John P. Huchra, the Robert O. and Holly Thomis Doyle Professor of Cosmology at Harvard University, where he is also senior adviser to the provost on research policy, assumed his role at the society’s annual meeting in May. He will serve as president-elect until 2008, when he becomes president for a two-year term, succeeding J. Craig Wheeler (see Physics Today, July 2005, page 73
“I hope to … successfully represent the excitement of astronomy and the importance of basic research in astronomy and astrophysics to the public and to our government,” Huchra told Physics Today. “I hope to strengthen relationships between and among the community, the agencies responsible for federal funding of astronomy, and the government.”
Huchra’s research focus is observational cosmology, particularly the study of the distribution and dynamics of matter and of the formation of structure in the universe. As part of his research, he has completed two important galactic surveys. One maps the distribution of nearby galaxies. The second uncovered evidence that almost all galaxies lie on thin, bubble-like surfaces and of what remains the largest single structure seen in any survey, the “Great Wall.”
Huchra graduated from MIT in 1970 and received a PhD in astronomy from Caltech in 1976. He joined the CfA in 1976 as a postdoctoral fellow. A member of the American Academy of Arts and Sciences, he was elected to the National Academy of Sciences in 1993.

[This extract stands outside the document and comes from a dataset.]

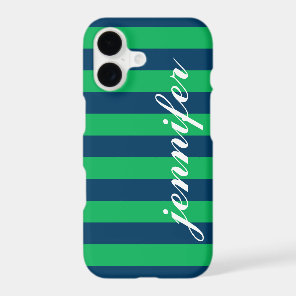 Classic Green Navy Striped Monogram iPhone 17 Case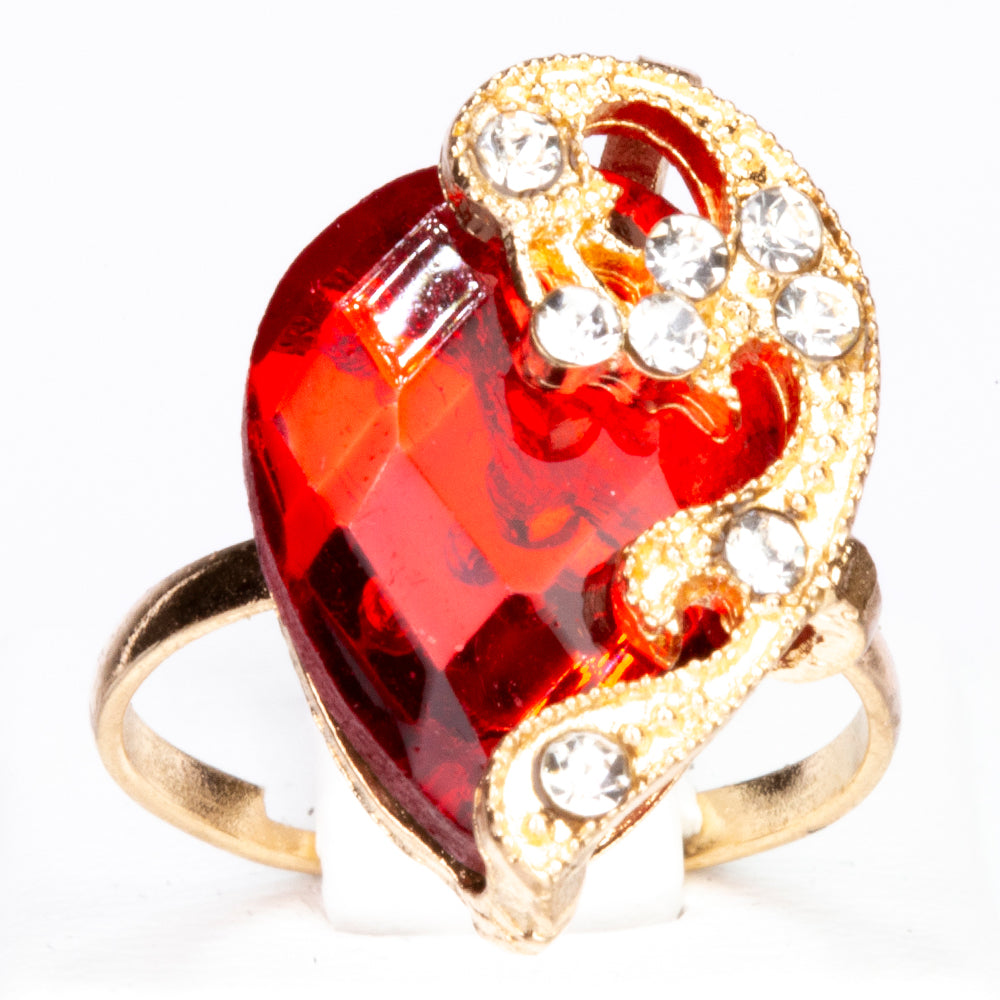Reloj de Aleación Bañado en Oro con Cristal Emporia® Rojo (Collar +Pendientes +Pulsera +Colgante )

In other AAS election results, Lee Hartmann (University of Michigan), presently an AAS councilor, will serve a three-year term as society vice president, and John Graham (Carnegie Institution of Washington) will serve a three-year term as secretary. Richard Green (Large Binocular Telescope Observatory) is the new publications board chair, and Edward Churchwell (University of Wisconsin) is the society’s new member of the US National Committee for the International Astronomical Union.
Also, Chryssa Kouveliotou (NASA’s Marshall Space Flight Center), Felix Lockman (National Radio Astronomy Observatory), and Nicholas Suntzeff (Texas A&M University) will serve three-year terms as AAS councilors.